# What to do:
Apart from the images, the entire listing below must be restated word for word.

# Data in this exercise:
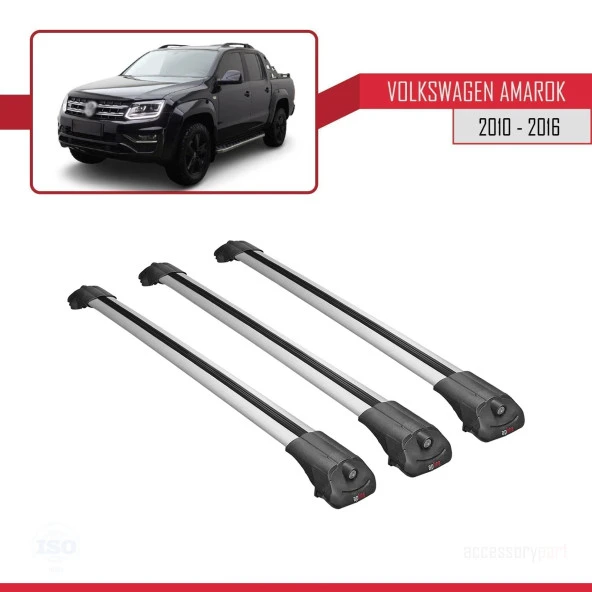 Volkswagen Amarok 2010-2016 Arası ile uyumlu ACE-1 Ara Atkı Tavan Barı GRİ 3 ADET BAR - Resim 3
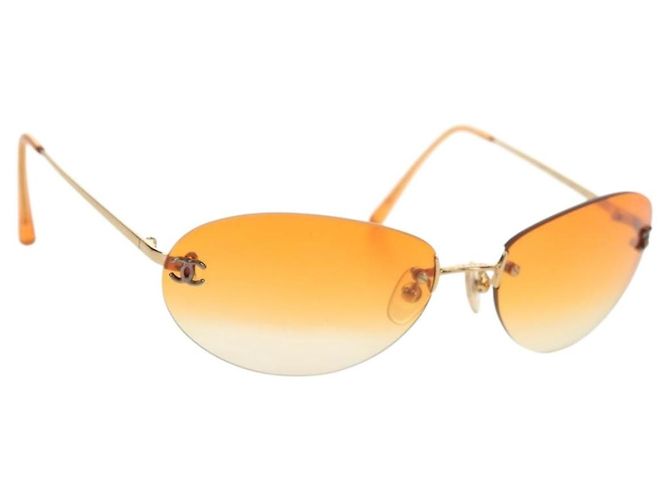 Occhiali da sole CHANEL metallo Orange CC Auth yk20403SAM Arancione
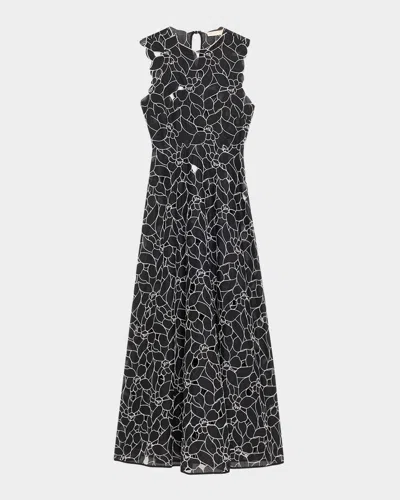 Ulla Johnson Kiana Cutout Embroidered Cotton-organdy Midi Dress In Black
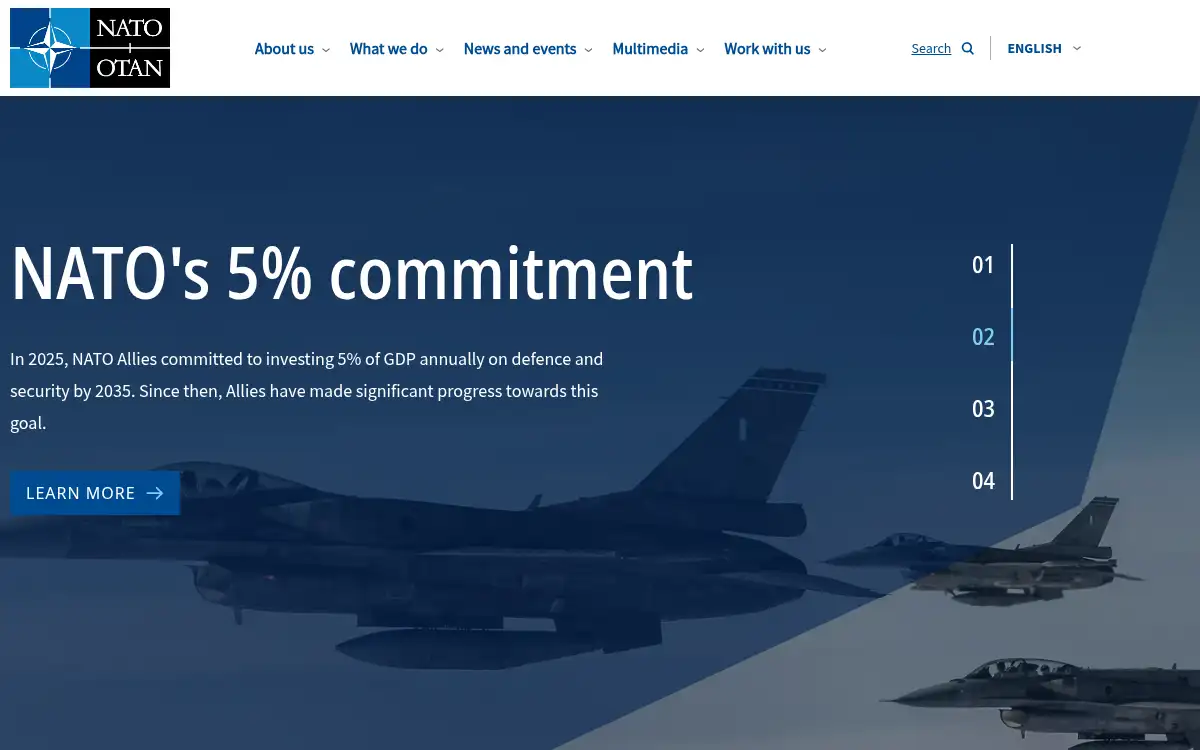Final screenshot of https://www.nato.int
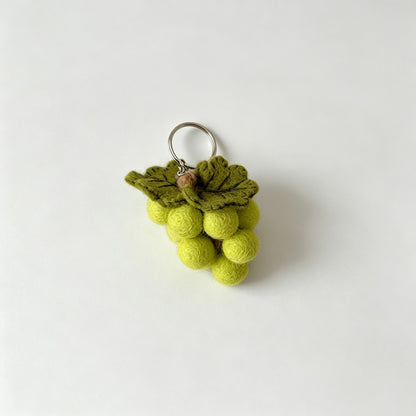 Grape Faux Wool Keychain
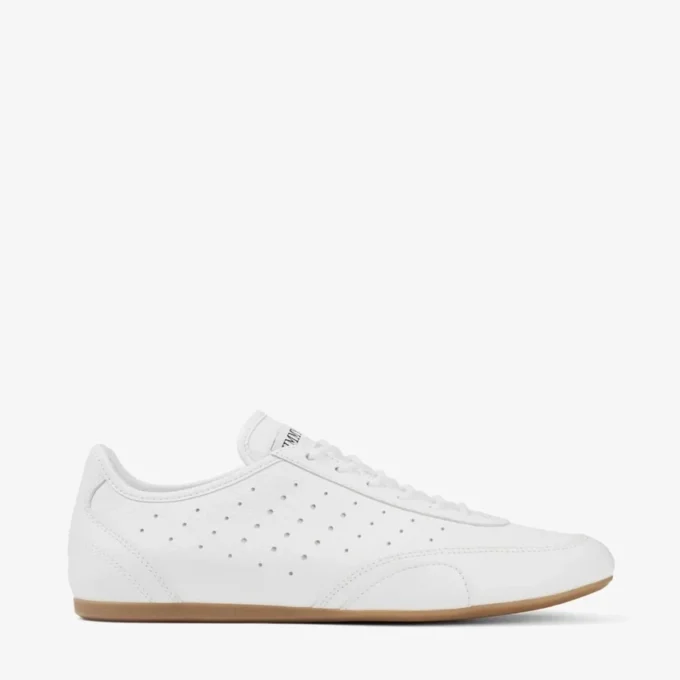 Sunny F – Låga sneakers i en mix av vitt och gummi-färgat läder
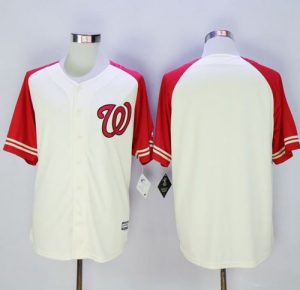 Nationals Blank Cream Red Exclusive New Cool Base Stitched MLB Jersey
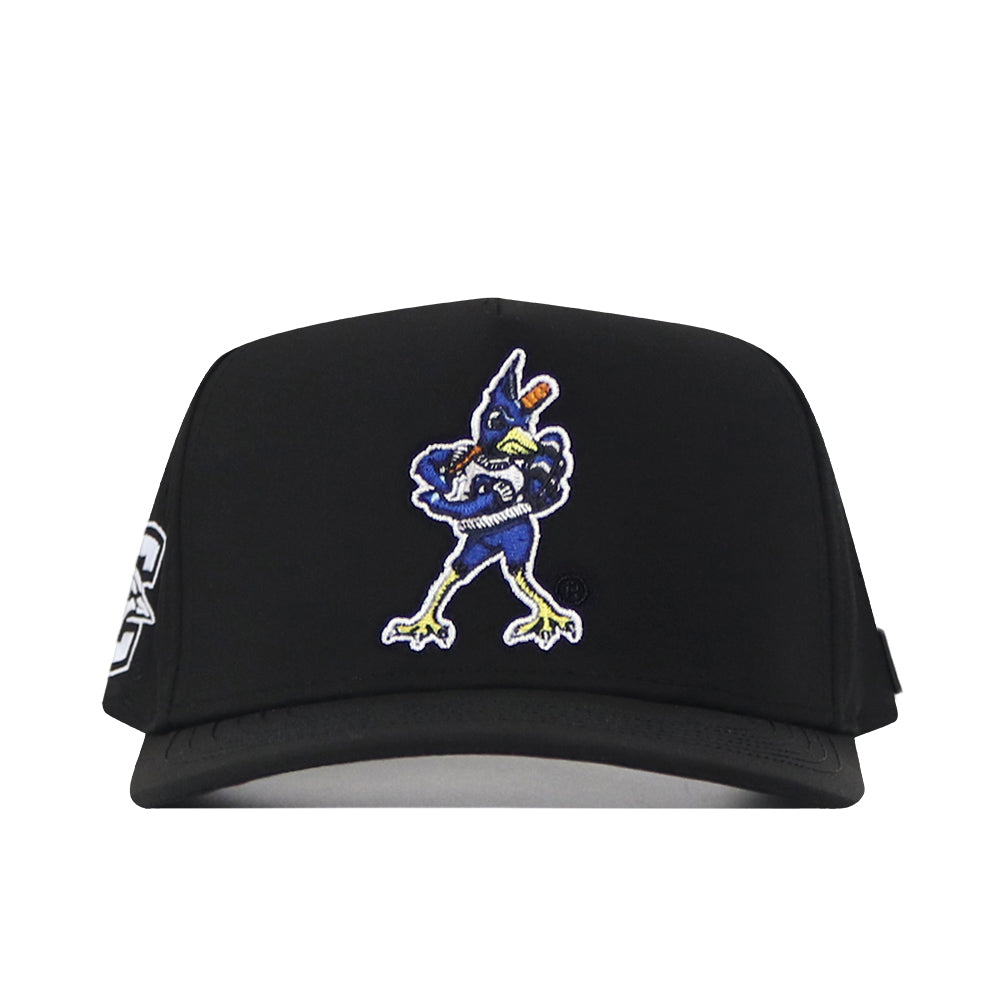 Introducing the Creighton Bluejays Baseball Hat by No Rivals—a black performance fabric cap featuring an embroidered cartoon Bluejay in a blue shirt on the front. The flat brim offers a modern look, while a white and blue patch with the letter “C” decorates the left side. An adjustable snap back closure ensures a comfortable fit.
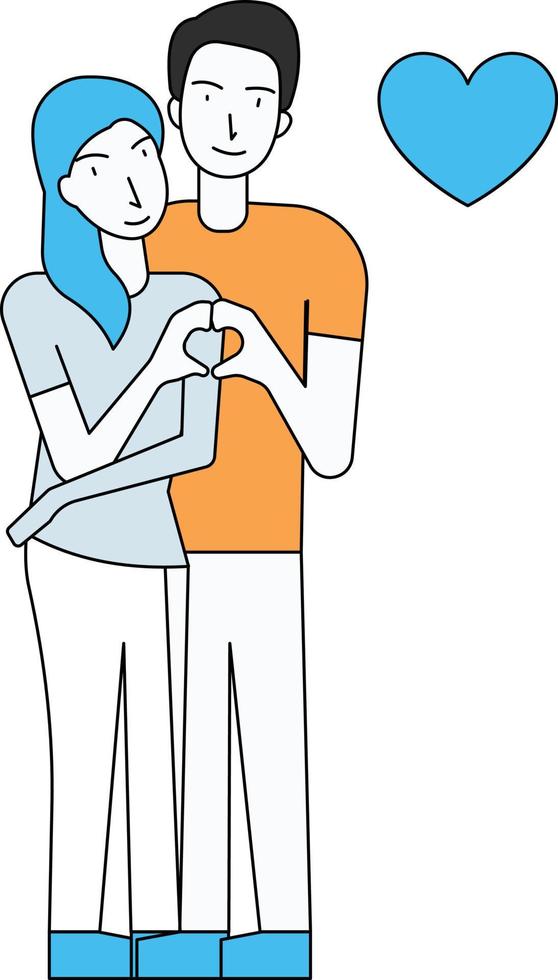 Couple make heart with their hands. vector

# Written solution:
 Volkswagen Amarok 2010-2016 Arası ile uyumlu ACE-1 Ara Atkı Tavan Barı GRİ 3 ADET BAR - Resim 3
 Occhiali da sole CHANEL metallo Orange CC Auth yk20403SAM Arancione
 Ulla Johnson Kiana Cutout Embroidered Cotton-organdy Midi Dress In Black
Final screenshot of https://www.nato.int
 Grape Faux Wool Keychain
 Sunny F – Låga sneakers i en mix av vitt och gummi-färgat läder
 Nationals Blank Cream Red Exclusive New Cool Base Stitched MLB Jersey
 Introducing the Creighton Bluejays Baseball Hat by No Rivals—a black performance fabric cap featuring an embroidered cartoon Bluejay in a blue shirt on the front. The flat brim offers a modern look, while a white and blue patch with the letter “C” decorates the left side. An adjustable snap back closure ensures a comfortable fit.
 Couple make heart with their hands. vector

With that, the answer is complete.